Tuesday, December 6, 2011

Some measure of order has been restored

When last we left this convoluted tale, the little car was stuck at the end of the driveway and the Jeep was parked behind it. The temperature was about 20 degrees and snowflakes the size of pillows were falling. That was Friday. Saturday I made the better choice and took the Jeep to work and it was the right choice as through the night we watched the weather steadily deteriorate.
One of the last postings I made at work before I left was that winds in excess of 100 mph were expected in the higher elevations near Anchorage, along with driving rain. Rain! Thinking about driving 40 miles in that was at least intimidating. Jeeps aren't particularly aerodynamic and I wondered what that blunt, square shape would do if hit by a 100-mph-gust. Not sure, but I think I found out. I took a blast not too far along the road that rocked the Jeep. I'm not sure if the wheels came off the ground but I could definitely feel a change. That was the point where a new sound developed as well. One thing all those years on boats did to me was make me sensitive to any sound that is out of context. There can be a lot of noise on a boat with engines and generators and hydraulics running but anybody worth his salt will still hear that little ping that doesn't belong. It might as well be a siren because the response is the same. This was more like a whistle and as usual with a strange sound I immediately thought the whole thing was coming apart. Then I had a lucid moment and figured it out. In addition to a lack of aerodynamic integrity, Jeeps aren't exactly air tight either. That sound was wind whistling through cracks around the doors and windshield. Wow. That was a bit sobering.

So, with the vehicle under constant assault by wind and rain, and potentially ice road under the tires and Saturday night drunks on the road, I proceeded toward home at about 40 mph. I have never been so relieved to leave the new road and take the old road even through it was more of a mess and the wind and rain seemed more powerful. And, now I had to go through an avalanche area as well. Add to that the thought of crossing the river bridge broadside to that wind and it sill felt better than dealing with the drunks on the new highway.

For most of the road, the wind wasn't too bad but I still crept along not sure if the road was icy or not. Then I came around the curve out of the woods onto the river bank and it felt like a truck hit the Jeep. Talk about a hard wind. (There's one of those useless adjectives. How hard was it? Ummm. Well it felt like it stopped the Jeep cold, like it had been punched.) The bridge would be an adventure. But, I took a hard gust just as I rounded the curve that leads up onto it. Looking ahead, despite the rain, the wind had blown the bridge pavement totally dry, I mean it was normal concrete gray instead of black with moisture. As soon as the gust died, I floored it and raced across that bridge just as fast as that car would accelerate. Made it all the way across before any more gusts hit. Home now would be a piece of cake.

I backed into the driveway behind the little car and then walked up to the house, looking around for any cracking trees.

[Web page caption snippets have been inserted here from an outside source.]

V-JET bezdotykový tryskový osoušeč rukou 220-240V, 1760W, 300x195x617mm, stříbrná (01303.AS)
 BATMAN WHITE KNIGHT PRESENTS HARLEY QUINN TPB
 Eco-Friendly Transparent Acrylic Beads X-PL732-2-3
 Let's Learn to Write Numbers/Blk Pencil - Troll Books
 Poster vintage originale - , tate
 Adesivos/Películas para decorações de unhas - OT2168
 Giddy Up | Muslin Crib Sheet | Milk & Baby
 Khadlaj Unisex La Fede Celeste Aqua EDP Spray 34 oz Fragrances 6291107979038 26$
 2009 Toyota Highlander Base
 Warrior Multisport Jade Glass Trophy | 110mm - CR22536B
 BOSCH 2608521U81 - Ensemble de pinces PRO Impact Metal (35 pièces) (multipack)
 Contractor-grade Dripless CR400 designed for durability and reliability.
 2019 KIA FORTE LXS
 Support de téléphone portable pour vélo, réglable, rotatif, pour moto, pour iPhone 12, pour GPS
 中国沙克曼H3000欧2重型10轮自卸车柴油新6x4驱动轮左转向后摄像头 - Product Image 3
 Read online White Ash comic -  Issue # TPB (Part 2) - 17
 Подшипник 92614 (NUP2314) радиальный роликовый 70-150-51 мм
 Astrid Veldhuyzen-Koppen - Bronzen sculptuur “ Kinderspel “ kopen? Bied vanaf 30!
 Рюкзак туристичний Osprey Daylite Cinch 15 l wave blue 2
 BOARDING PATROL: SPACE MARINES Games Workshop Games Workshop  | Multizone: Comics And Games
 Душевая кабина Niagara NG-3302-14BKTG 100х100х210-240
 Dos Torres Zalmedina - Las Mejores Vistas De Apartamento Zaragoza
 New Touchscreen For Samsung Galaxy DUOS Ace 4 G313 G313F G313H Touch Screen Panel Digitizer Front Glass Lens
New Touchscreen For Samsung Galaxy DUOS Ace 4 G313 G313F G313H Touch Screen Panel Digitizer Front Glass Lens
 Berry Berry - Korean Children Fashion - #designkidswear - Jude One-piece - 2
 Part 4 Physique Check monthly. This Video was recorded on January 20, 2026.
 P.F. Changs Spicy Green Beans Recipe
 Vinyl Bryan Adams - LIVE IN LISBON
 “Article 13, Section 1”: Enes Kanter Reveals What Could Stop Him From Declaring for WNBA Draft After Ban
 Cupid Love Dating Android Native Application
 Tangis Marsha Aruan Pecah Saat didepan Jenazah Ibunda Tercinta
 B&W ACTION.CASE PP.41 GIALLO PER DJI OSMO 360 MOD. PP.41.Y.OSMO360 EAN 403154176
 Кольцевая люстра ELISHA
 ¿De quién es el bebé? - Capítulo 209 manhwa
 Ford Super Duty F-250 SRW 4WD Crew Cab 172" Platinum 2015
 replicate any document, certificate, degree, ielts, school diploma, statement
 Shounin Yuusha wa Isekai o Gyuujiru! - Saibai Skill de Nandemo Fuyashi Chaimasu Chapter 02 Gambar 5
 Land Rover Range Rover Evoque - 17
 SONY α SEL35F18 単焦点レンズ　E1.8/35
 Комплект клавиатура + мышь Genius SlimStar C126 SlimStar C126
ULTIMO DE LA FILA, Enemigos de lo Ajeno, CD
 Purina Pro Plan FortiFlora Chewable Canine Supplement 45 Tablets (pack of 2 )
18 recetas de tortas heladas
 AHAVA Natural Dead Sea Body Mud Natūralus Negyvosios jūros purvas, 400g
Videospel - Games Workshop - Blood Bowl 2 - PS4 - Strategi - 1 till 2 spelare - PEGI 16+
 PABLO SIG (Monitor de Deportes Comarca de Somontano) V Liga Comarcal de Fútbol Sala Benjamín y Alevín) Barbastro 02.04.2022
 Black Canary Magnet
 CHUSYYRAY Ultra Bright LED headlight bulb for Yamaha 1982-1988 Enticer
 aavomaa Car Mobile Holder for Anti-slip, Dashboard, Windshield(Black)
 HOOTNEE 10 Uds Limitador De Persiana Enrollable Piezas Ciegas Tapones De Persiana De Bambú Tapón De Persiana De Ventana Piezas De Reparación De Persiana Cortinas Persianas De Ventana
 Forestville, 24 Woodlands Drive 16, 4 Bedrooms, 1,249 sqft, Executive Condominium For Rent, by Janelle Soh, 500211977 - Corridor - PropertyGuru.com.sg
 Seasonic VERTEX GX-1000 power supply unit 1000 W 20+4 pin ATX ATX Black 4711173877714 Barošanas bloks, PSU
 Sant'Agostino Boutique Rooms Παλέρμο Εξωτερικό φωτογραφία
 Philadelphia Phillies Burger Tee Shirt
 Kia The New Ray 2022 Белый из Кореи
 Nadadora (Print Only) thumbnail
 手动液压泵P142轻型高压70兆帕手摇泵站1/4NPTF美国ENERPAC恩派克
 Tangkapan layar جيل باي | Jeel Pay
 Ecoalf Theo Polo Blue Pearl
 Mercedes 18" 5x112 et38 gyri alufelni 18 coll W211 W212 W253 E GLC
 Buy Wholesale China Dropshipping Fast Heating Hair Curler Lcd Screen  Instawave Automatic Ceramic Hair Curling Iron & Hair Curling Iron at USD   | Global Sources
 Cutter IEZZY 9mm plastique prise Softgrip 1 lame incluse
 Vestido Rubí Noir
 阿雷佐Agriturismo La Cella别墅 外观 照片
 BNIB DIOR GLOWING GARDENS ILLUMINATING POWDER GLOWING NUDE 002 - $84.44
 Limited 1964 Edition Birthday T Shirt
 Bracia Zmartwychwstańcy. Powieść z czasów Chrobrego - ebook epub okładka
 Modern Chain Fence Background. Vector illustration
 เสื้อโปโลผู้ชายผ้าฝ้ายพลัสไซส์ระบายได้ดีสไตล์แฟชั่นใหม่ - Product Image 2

The thermometer read 50 degrees. FIFTY in December in Alaska. That also meant the temperature had risen 70 degrees in the space of about four days.
At 3 a.m. the power went out.

Then came Sunday. For one thing look at the post below with the bird taking a bath in a puddle in the yard. Nice drive to work. But still some rain and you couldn't be sure whether the road was just wet or icy. Several vehicles were off the road stuck in the median and down the slope from the shoulder. Still people were passing me at 65 and 70. I always wonder what part of wet, icy road, winter, fairly heavy traffic and wind, don't these people get. Even all the vehicles off the road didn't phase them.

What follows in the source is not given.